Representations and URIs

Jon Udell references a discussion that has been raging on what a URI represents. Jon quotes Tim Berner-Lee who summarizes it, succinctly, as follows:

What does " 0679600108/qid=1027958807/sr=2-3/ref=sr_2_3/103-4363499-9407855" identify?
  1. A whale
  2. "Moby Dick or the Whale" by Herman Melville
  3. A web page on Amazon offering a book for sale
  4. A URI string
  5. All the above
I find this question fascinating since it takes me back to my formal computer science roots. A long time ago, I was a formal methods researcher. Sherman, fire up the way-back machine:

In the late 80s there was a huge battle raging in some professional journals and letters to the editor in Communications of the ACM (CACM). (Remember, this was before blogs or even the web.) Demillo, Lipton, and Perlis had published a paper called Social Processes and Proofs of Theorems and Processes. It was followed by a paper in CACM by James Fetzer called "Program Verification: The Very Idea." Fetzer argued that proofs of correctness for programs was ridiculous from the start since the artifact had many properties that the proof could not consider. In 1989. Jon Barwise (who is now dead, unfortunately) wrote an eloquent paper in the Notices of the American Mathematical Society called "Mathematical Proofs of Computer System Correctness". Barwise argued that Demillo, Lipton, Perlis, and, especially, Fetzer had made a critical error by confusing the thing with the mathematical representation of the thing. Sound familiar?

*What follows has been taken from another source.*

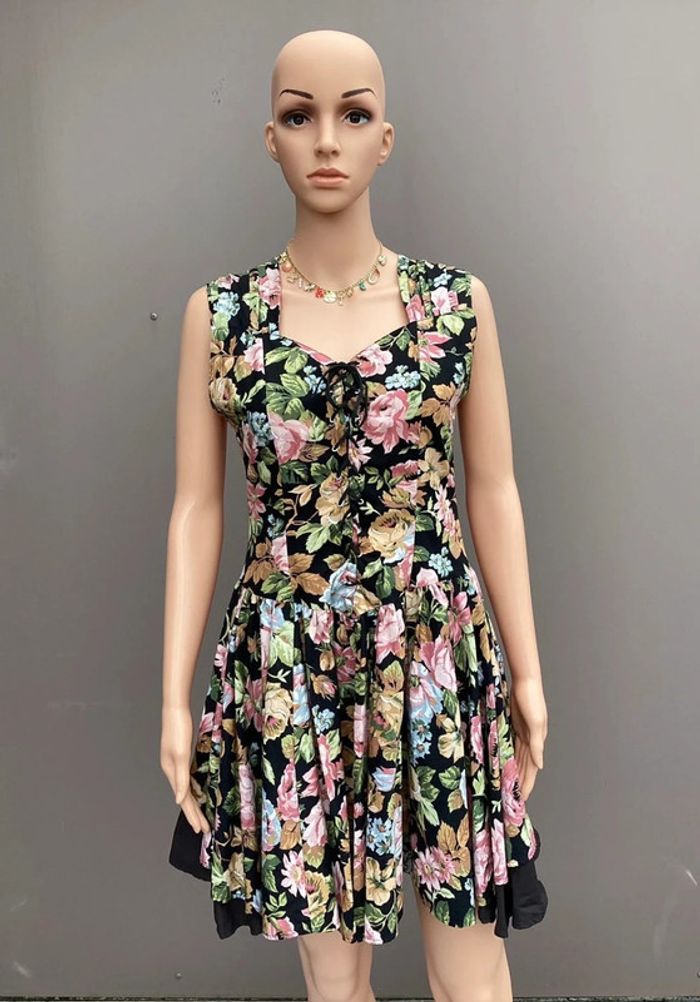 Robe fleurie noire à décolleté lacé – Taille 40 – Excellent état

The very essence of Applied Mathematics, and by extension, Computer Science is the notion of representation, naming, and abstraction. Confusion in these issues shows up quite frequently when students are learning about naming in a programming language theory course. (I always like to ask the question "What is '3'?") Confusion in these issues can lead to significant problems as the theory is developed later.

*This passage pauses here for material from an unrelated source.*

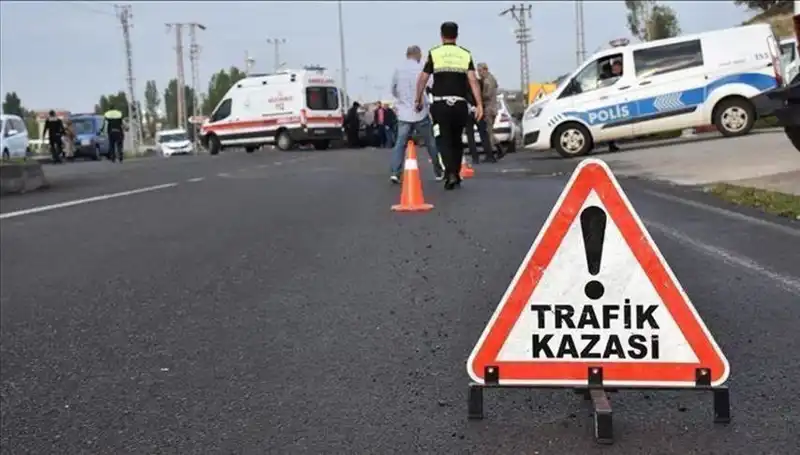 Tekirdağ'da Kontrolden Çıkan Otomobil Bariyere Çarptı: Korkunç Kaza Sonrası Bir Ölü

From a formal semantics viewpoint, a URI, like any other name, has to represent the thing that it is bound to and nothing else. That is, the URI represents whatever is returned when the URI is dereferenced. What is returned in the case of a URI is a string of bits. The resource that is returned may represent something else, but the URI is just a name for the resource. It carries no semantics beyond that. The resource is a model of something. The mathematics behind all of this is quite well developed and well thought out. This problem is a classic CS problem, not something that the web invented.

As an example, consider the URI for tracking a package at UPS. The URI is merely a name for the resource. That same resource could have millions of other names that all dereference to the same resource. The resource is a model for a package. That is, its an abstraction, based on properties, of a physical object. We must not confuse the model with its name and we must not ever confuse either of them with the artifact that the model represents.

For those who are interested in this kind of thing, Mike Gordon's The Denotational Description of Programming Languages: An Introduction is a great, readable introduction by one of the luminaries in the field.